In simplest terms, Clinton’s problem is that large numbers of Millennials have never warmed to her as a national candidate.
Brownstein shares figures showing Clinton’s deficit with Millennial voters vs. Obama in 2008 and against Sanders during this campaign’s primary season, in which Sanders bested her in 25 of 27 primary and caucus states. Brownstein notes that Clinton leads Trump in polls so far, but “show her failing to consolidate the enormous share of Millennials who express unfavorable views about Trump. Instead, many of those voters now say they will support libertarian Gary Johnson or Green Party nominee Jill Stein.” Brownstein shares some poll results:
Consider the recent George Washington University Battleground Poll conducted by Ed Goeas, a Republican pollster, and Celinda Lake, a Democrat. In that survey, 73 percent of Millennials said they had an unfavorable view of Trump, 68 percent said they trusted Clinton more than him to defend the middle class, 64 percent trusted her more to handle foreign policy, and 61 percent favored her over Trump to manage the economy. Yet in a four-way ballot test, she drew just 46 percent support, compared to 26 percent for Trump, 18 percent for Johnson, and 5 percent for Stein.
In last week’s ABC/Washington Post poll, which released results from adults 18-39, a group that extends slightly beyond the Millennial Generation, 70 percent of those younger Americans said Trump was not qualified to serve as president and 66 percent said he was biased against women and minorities. But in the four-way match-up, Clinton again drew just 44 percent to 24 percent for Trump, 20 percent for Johnson, and 6 percent for Stein.
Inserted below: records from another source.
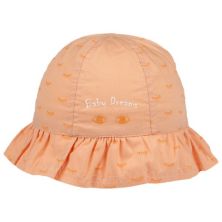 Шляпа-ведро для маленьких девочек, хлопковая шапка Baby Dream с принтом, мягкая хлопковая шапка пастельных тонов, 0–18 месяцев WEAR SIERRA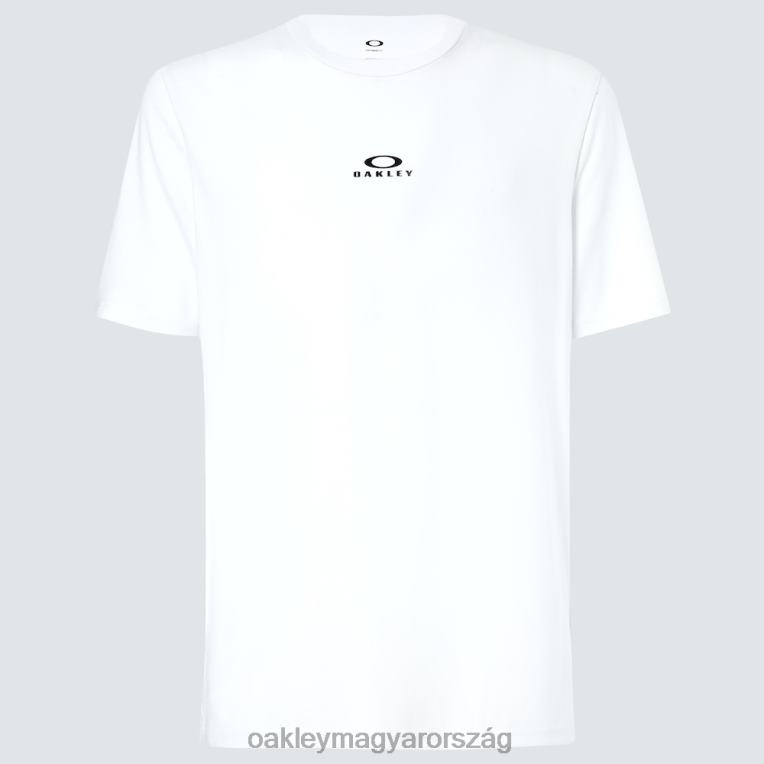 Oakley kéreg új rövid ujjú 6PVBJ2110 ruhák fehér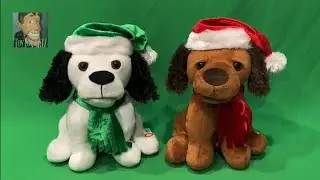 Kids Of America Corp. 2012 Animated Holiday Pups (Both Versions) - &ldquo;Santa Claus Is Coming To Town&rdquo;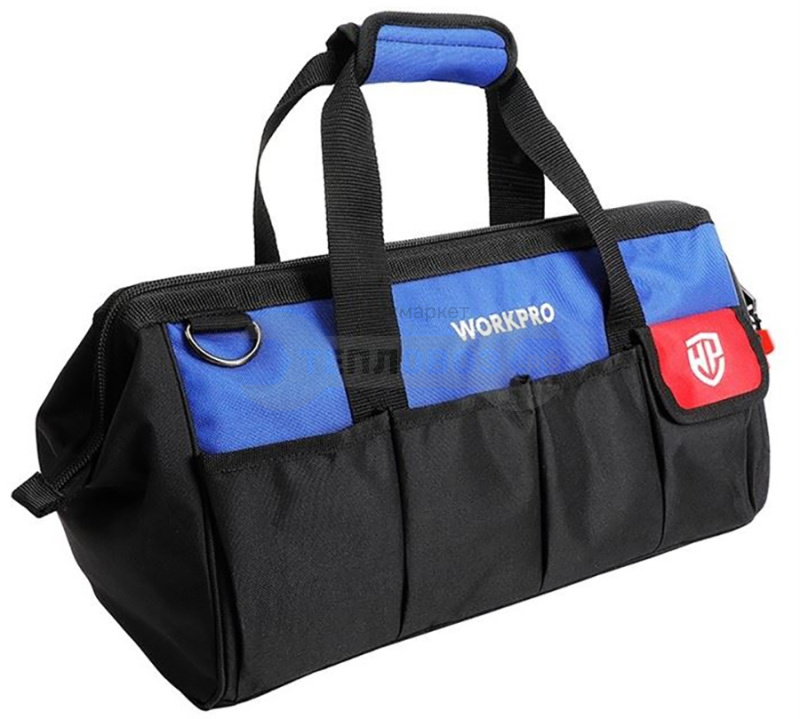 Купить Workpro WP281003, 13 карманов, 30х18х20 см в интернет-магазине Тепловоз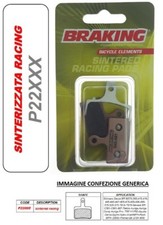 BRAKING PASTIGLIE FRENO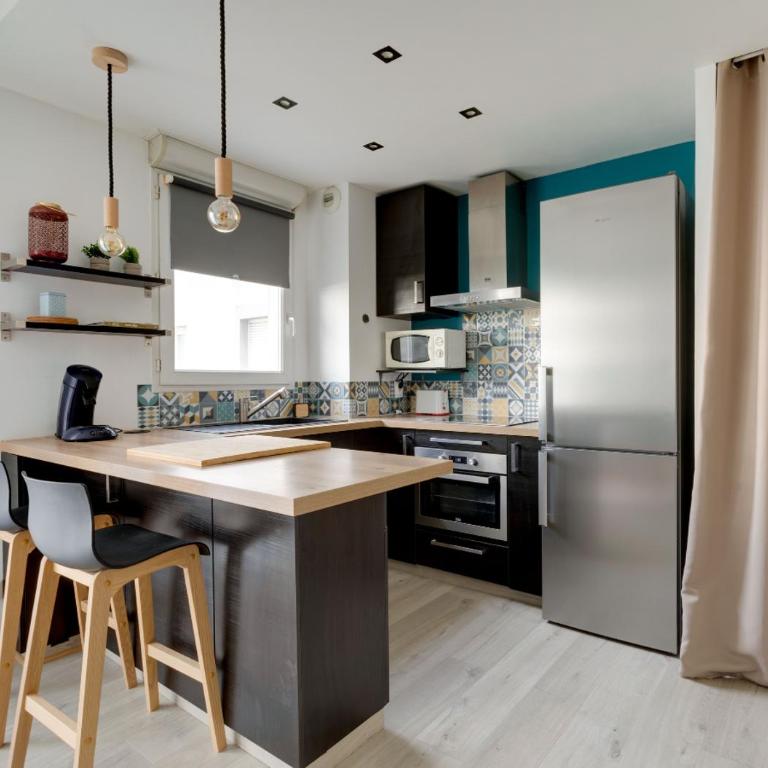 Au COEUR du STADE DE FRANCE - Apartamento de 1 dormitorio - 6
A survey of Millennials in 11 battleground states released last week by Baumann’s firm, the Global Strategy Group, for Project New America and NextGen Climate presents the same daunting contrast for Clinton. In that survey, 75 percent of Millennials say they view Trump unfavorably, 73 percent describe him as a “racist,” and 70 percent say he is “unfit to protect our country from major threats.” But among likely voters, this survey again found Clinton drawing 48 percent, to Trump’s 23 percent, 13 percent for Johnson, and 8 percent for Stein.
Brownstein notes that there has been some improvement in Clinton’s poll numbers with younger voters since July. Clinton’s deficit with Millenial voters is apparently not about policy. Clinton supports all of the right policies favored by younger voters, but “Big majorities of Millennials, the polls show, view her as untrustworthy, calculating, and unprincipled.”
It can be argued that young voter turnout rates have not been all that impressive. But close margins in key swing states could make them a pivotal constituency.
As the numbers noted above make clear, it’s not that Millennials prefer Trump: it’s more that too many of them are, at this late date, considering casting their ballots for Libertarian nominee Gary Johnson. Clearly Democrats have work to do to improve Clinton’s credibility and image, but also to educate these voters about Johnson’s right-wing economic policies, which couldn’t be much more detrimental to their interests and prospects.